After locating the line with "Close to Hurlbert!" in the entries below, output it and each following line up to and including the line with "a man wearing", exactly and without pictures.

▶ _LISTED RECORDS_
--

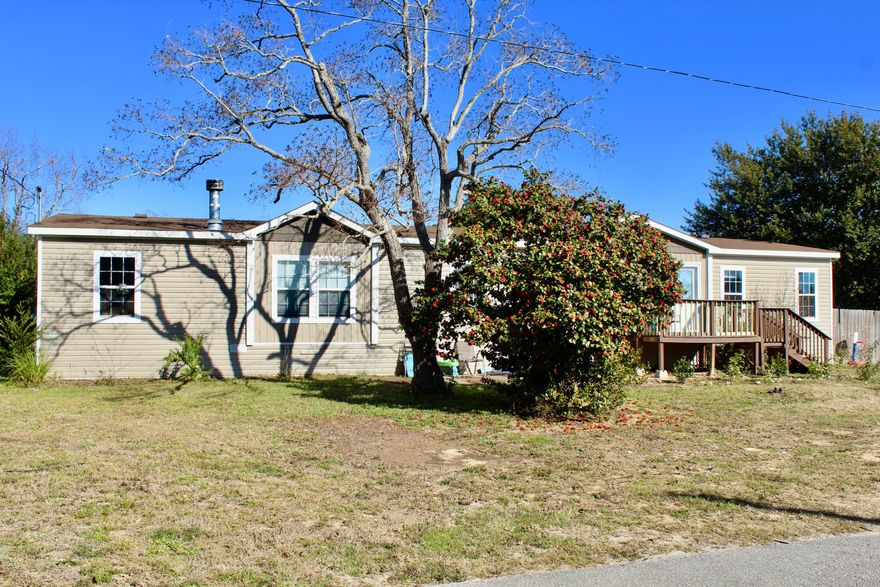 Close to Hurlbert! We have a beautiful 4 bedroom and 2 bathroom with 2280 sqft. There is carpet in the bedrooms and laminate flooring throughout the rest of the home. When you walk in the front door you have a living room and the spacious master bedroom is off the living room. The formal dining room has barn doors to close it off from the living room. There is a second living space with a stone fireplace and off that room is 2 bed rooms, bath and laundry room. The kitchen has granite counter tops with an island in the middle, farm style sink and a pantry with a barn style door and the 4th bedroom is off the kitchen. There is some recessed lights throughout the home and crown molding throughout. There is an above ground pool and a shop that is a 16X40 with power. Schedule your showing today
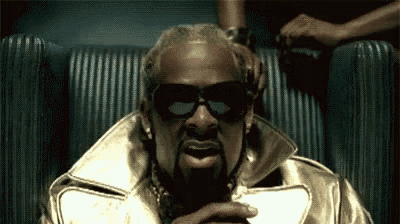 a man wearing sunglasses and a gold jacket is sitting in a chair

--

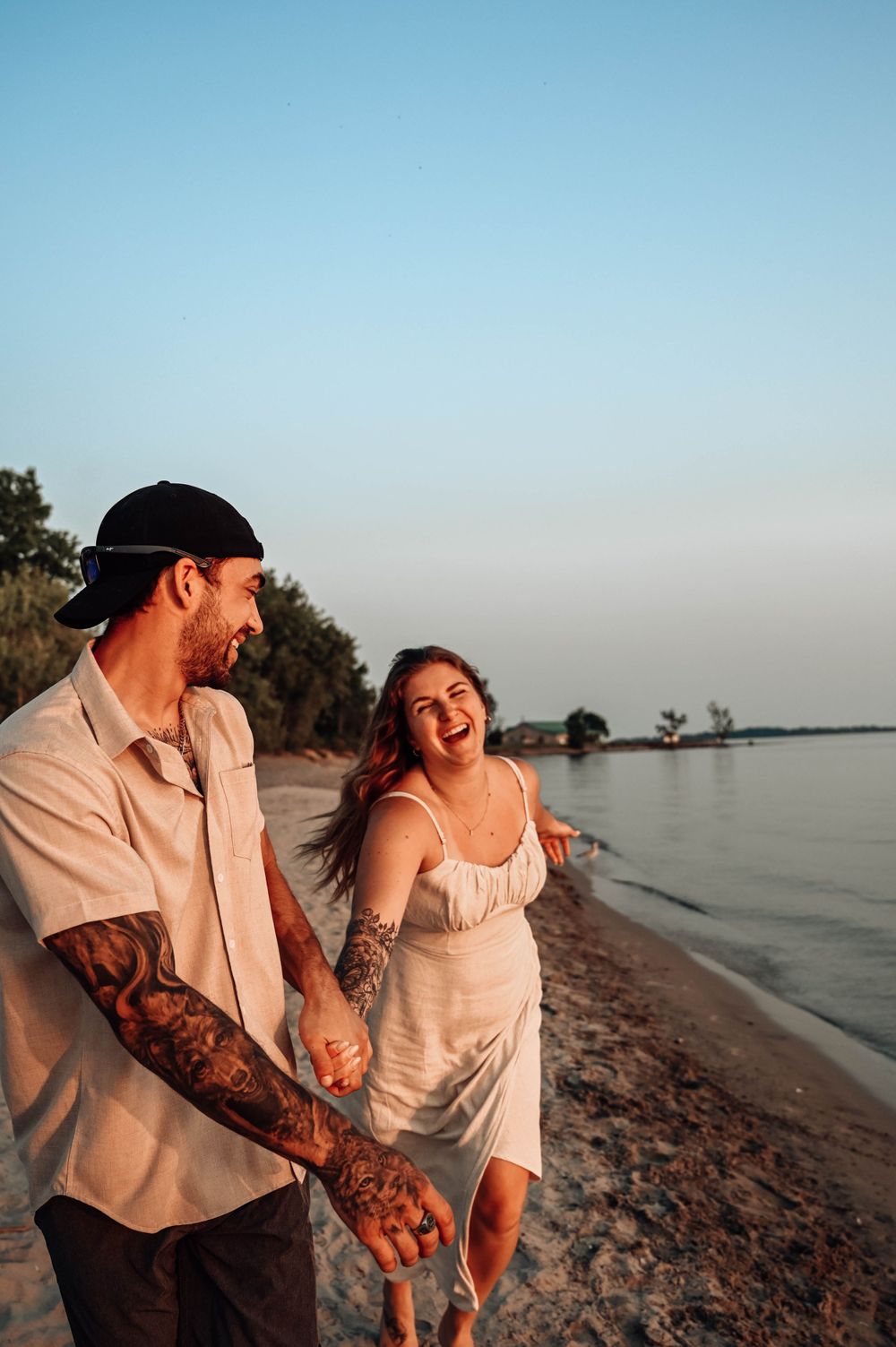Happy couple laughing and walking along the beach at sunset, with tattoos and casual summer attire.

--

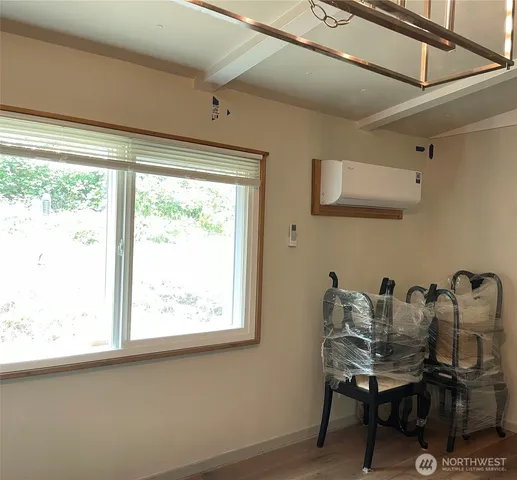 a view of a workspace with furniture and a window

--

▶ _ANSWER SPACE_
 Close to Hurlbert! We have a beautiful 4 bedroom and 2 bathroom with 2280 sqft. There is carpet in the bedrooms and laminate flooring throughout the rest of the home. When you walk in the front door you have a living room and the spacious master bedroom is off the living room. The formal dining room has barn doors to close it off from the living room. There is a second living space with a stone fireplace and off that room is 2 bed rooms, bath and laundry room. The kitchen has granite counter tops with an island in the middle, farm style sink and a pantry with a barn style door and the 4th bedroom is off the kitchen. There is some recessed lights throughout the home and crown molding throughout. There is an above ground pool and a shop that is a 16X40 with power. Schedule your showing today
 a man wearing sunglasses and a gold jacket is sitting in a chair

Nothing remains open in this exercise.